Debate sobre a cultura do cancelamento na sociedade contemporânea
Enviada em 07/09/2021
O filósofo francês Michel Foucault, em sua teoria “Microfísica do Poder”, tece que o poder está concentrado em uma rede de indivíduos, os quais dominam os saberes e discursos. Nas esferas digitais, essa teoria ganha força ao explicar a cultura do cancelamento, a qual grupos de pessoas nesse meio expõem, julgam e excluem - um linchamento virtual - alguém que agiu de maneira errada, como com falas preconceituosas. Essa situação se apresenta pela falsa sensação de liberdade no meio digital, o que ocasiona discursos de ódio, além de danos aos “cancelados”.

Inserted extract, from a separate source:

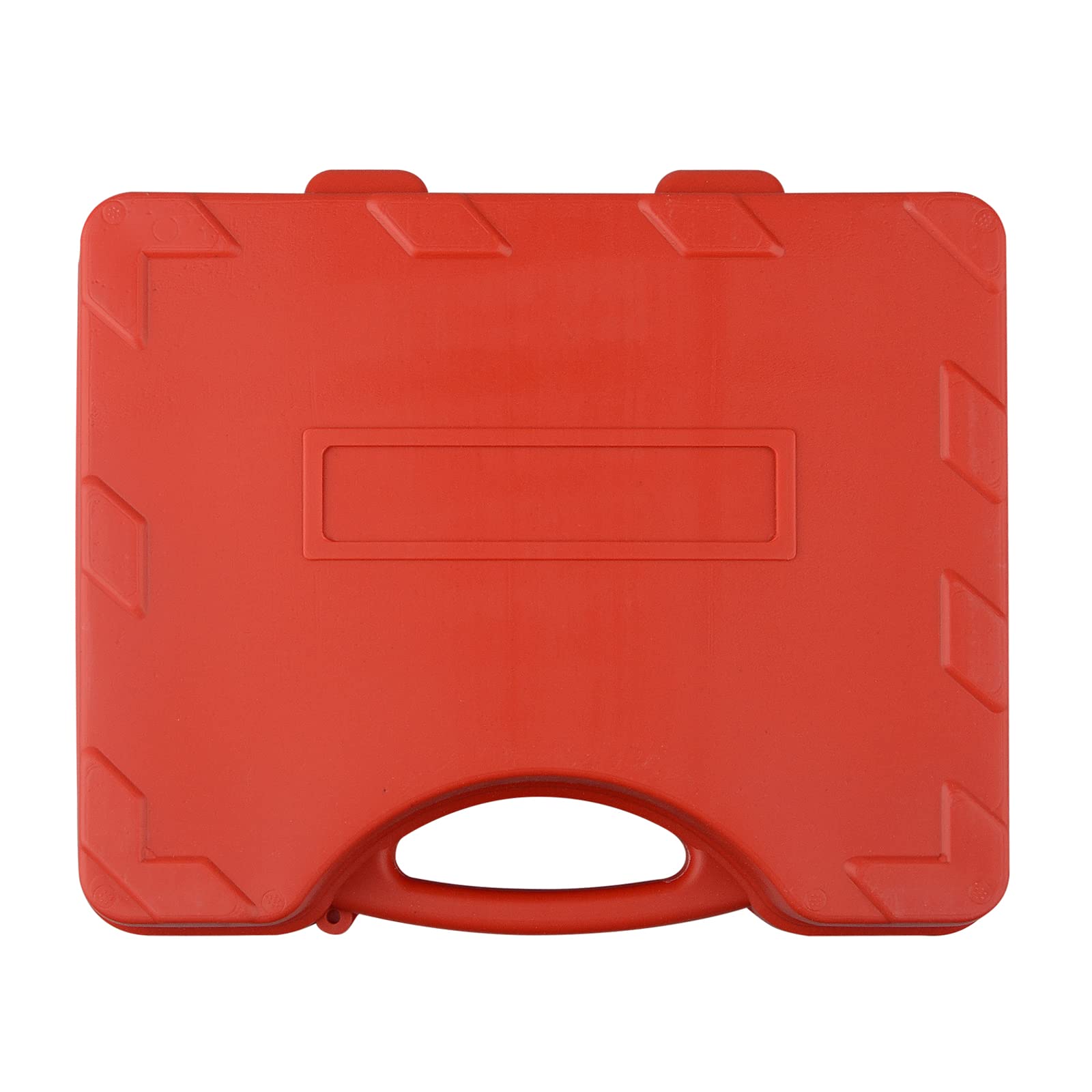DAYUAN 17pcs Pompe à Dépression Purge Purgeur Liquide de Frein Testeur à Vide Professionnel 2 en 1 Outil Kit Aspirateur Testeur pour Voiture Outil Manuelle Coffret Rouge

Em primeira análise, a falsa sensação de liberdade no meio digital é um fator que contribui para a cultura do cancelamento. Como exemplo disso, no documentário “Dilema das Redes”, da plataforma americana “Netflix”, é mostrado o lado obscuro das redes sociais, em como elas podem manipular o indivíduo, assim como são capazes de desencadear discursos de ódio a partir do anonimato. Esse é o responsável por passar uma errônea ideia de liberdade, na qual as pessoas disferem xingamentos e ameaças a outras. Nesse sentido, muitos internautas, em meio a uma situação de injustiça, se veem no direito de julgar o outro, como uma justificativa ao ato incorreto. Essa atitude ocorre em massa, fazendo diversos usuários das redes atacarem a outra pessoa que errou, o que ocasiona discursos de ódio e um linchamento virtual.
Em segunda análise, a cultura do cancelamento é responsável por causar danos ao indivíduo “cancelado”. Diante disso, na série coreana “True Beauty”, o personagem Kang Se-Yeon - um jovem cantor - acaba se suicidando após sairem notícias falsas que o artista cometia bullying e as pessoas começarem a xingá-lo e rejeitá-lo. Fora da ficção, situações como as apresentadas na obra estão presentes também na sociedade contemporânea, na qual as vítimas de um cancelamento sofrem com diversos danos ocasionados pelas ameaças e xingamentos, que vão desde sociais -de reclusão- até problemas psicológicos - como ansiedade, depressão e, até mesmo, suicídio.
Logo, torna-se necessária a participação do poder público para reverter a cultura do cancelamento nas sociedades contemporâneas. Inicialmente, o Poder Legislativo, em parceria com o Ministério da Tecnologia, deve promover a segurança no meio digital, por meio do fortalecimento de leis que punam pessoas que pratiquem xingamentos e ameaças nas redes sociais, com o intuito de assegurar o bem-estar coletivo, assim como impedir o linchamento virtual. Além disso, o Ministério da Saúde deve garantir a saúde mental de vítimas de cancelamento, a partir do oferecimento de tratamento gratuito com psicológicos, em postos de saúde, com o fito de acolher e tratar sequelas que impedem o desenvolvimento desses indivíduos.